True confession: I understand Trump voters. I come from that place. We’re the same people who voted for Andrew Jackson—duel-fighter, bigamist, slaveholder, and native-killer. As a matter of fact, when I was a kid, we would go to his plantation in Nashville, Tennessee on Sunday afternoons. The Hermitage. The story of Jackson told us that—no matter how poor you were born—if you intimidate enough people and steal enough stuff, you too can be president! The duel-fighter, bigamist, slaveholder, and native-killer. became those words engraved on the walls of the Hermitage: “old soldier, patriot, and Christian.”
Poor Southern whites. Some of my forebears arrived on these shores when the poor houses of England were cleaned out and the refuse people got dumped here—“root, hog or die!” There’s a lot of people like me. We came here poor and unskilled and that’s how we remain. And yes, we cling to our traditions, which happen to center around guns and violence and hating everybody else, especially those immigrant groups that have come later and done better. And when you’ve been here for 250 years, that’s a fairly long list of people to hate!
I’m not sure exactly sure when it was that I decided not to be president, but somewhere back in my many years I decided not to pursue what William Faulkner often described as “perfidy.” Deciding not to live in that manner precluded, as I saw it, Jackson’s driving forces: militarism, patriotism, and Christianity.
That’s why I’m not voting for Trump. This old hillbilly isn’t living up to Andrew Jackson’s code.
But my Humanism isn’t about what I don’t believe. Or do believe, for that matter. Humanism to me is about actions and commitments. Central concerns. Humanism is about taking ownership of choices and consequences.
“The gods made me do it” is a very old excuse. Sure, the gods update their moral stances from time to time, but somehow they are always behind the curve in terms of the ethical thought of human beings. Odd, that. Many people in Jackson’s day knew that Andrew Jackson was wrong in his actions.
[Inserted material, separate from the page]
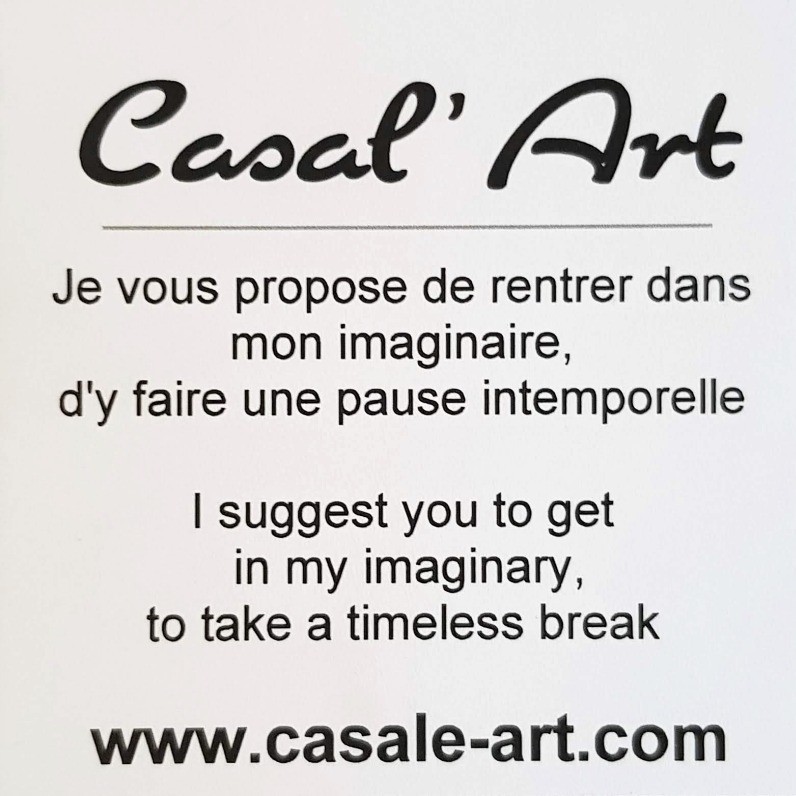 Casal'Art - El artista trabajando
Given the state of the union in these days before yet another election, it might be time to give the gods a rest and think for ourselves. Take responsibility for our collective actions.
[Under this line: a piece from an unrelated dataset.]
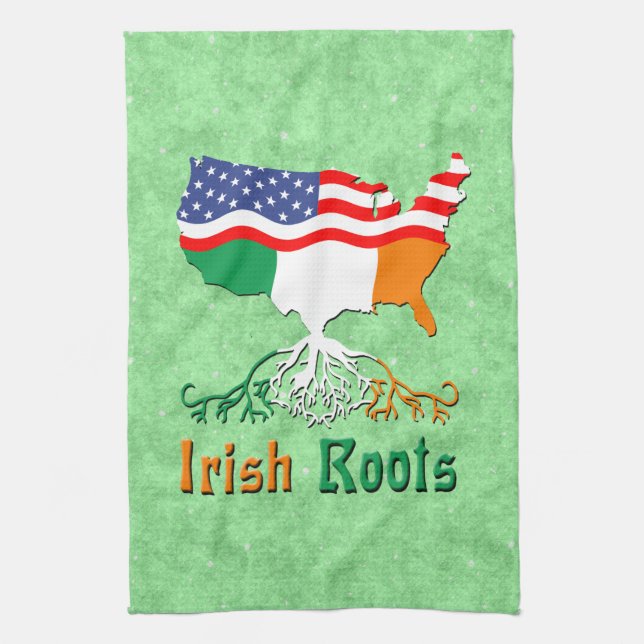 American Irish Roots Tea Towels Kökshandduk (Vertikal)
Here we are, living in post-industrial Capitalism. In a nation that has historically exploited both human and natural resources for the gain of a few people. Most of the land is stolen from people who were very nearly exterminated and do not today have full protection under the law. The early economy of the nation was based largely on slavery—from the profits of selling human beings, to the products they manufactured—cotton, sugar, and rum. That labor was stolen from people whose descendants remain marginalized.
Good “ol’ Old Hickory” Jackson remains a secular saint—“old soldier, patriot, and Christian.” His violence lives on in the myth of redemptive violence the US embraces. His economics are our economics, His symbol, the jackass, is still the symbol of the Democratic Party. The US still outsources its morality.